Josh’s eyes widened. “Are all of my sins written in concrete so that you will never forget them?”
“Why would I give a damn about your sins? I have enough of my own to worry about.”
Josh went to the door and turned to look at her. “You know, that’s where I think you’re pulling my leg. You don’t have any sin in your past, do you? Oh, maybe a romantic love affair or two, but no real sin.”
Maggie’s breath almost stopped in her throat for good. As she’d already known, he was no half-wit. He was very close to figuring out her every secret. He would have hit the bull’s-eye exactly if a twenty-six-year-old virgin wasn’t beyond his realm of realistic thinking.
“You’re right,” she said after catching her breath. “There’s no real sin in my past. I left that for you to handle, Detective. Here, let me unlock the door for you.” Maggie moved next to him and began unbolting the locks. She felt his eyes on her profile and flushed hotly. Expecting a pass any second, she finished quickly and stepped back. “Good night.”
Josh touched his forehead in a semblance of a salute. “Dinner was delicious, and I have to say one thing before I go that you’re probably not going to like. You, Maggie Sutter, are a flaming coward. Good night.”

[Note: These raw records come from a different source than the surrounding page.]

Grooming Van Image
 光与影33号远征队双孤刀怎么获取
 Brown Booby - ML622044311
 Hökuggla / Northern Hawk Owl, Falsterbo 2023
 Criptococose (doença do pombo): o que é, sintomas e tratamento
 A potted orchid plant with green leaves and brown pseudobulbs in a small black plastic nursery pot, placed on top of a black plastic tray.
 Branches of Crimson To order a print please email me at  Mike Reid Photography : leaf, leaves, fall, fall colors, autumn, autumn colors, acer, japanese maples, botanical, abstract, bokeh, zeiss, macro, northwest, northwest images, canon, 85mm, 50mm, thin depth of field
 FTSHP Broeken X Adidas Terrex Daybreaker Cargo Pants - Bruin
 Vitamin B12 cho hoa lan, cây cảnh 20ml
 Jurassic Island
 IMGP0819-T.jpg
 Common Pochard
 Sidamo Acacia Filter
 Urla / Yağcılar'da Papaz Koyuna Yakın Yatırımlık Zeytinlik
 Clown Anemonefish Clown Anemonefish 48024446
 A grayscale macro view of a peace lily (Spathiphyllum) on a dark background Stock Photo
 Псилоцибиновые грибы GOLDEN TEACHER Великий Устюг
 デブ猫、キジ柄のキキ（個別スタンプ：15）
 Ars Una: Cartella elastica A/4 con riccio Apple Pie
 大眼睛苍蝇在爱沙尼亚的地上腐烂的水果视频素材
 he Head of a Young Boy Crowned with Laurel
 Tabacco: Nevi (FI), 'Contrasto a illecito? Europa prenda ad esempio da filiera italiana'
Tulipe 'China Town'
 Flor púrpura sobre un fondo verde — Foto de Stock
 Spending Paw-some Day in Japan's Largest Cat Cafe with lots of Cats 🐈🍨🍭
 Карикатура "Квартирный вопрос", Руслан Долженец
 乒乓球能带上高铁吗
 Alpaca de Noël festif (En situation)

He vanished through the door, closing it behind him. Maggie wilted into a weak-kneed heap while struggling to lock the dead bolts.
Then she fell onto the sofa and cried her eyes out. She hated Josh Benton.
But the real truth, she realized with another spate of tears, was that she didn’t hate him at all. She loved him. Madly, passionately, eternally. With all her heart and soul. She always had, from the first time they met when she’d been a starry-eyed teenager and he’d been her big brother’s friend until this very moment. It would go on, she knew. It would never disappear and let her lead a normal life. She was destined to die alone and miserable.
But her apparently indestructible feelings explained one thing very clearly. It was no wonder she’d never slept with another man-none had ever come close to measuring up to Josh.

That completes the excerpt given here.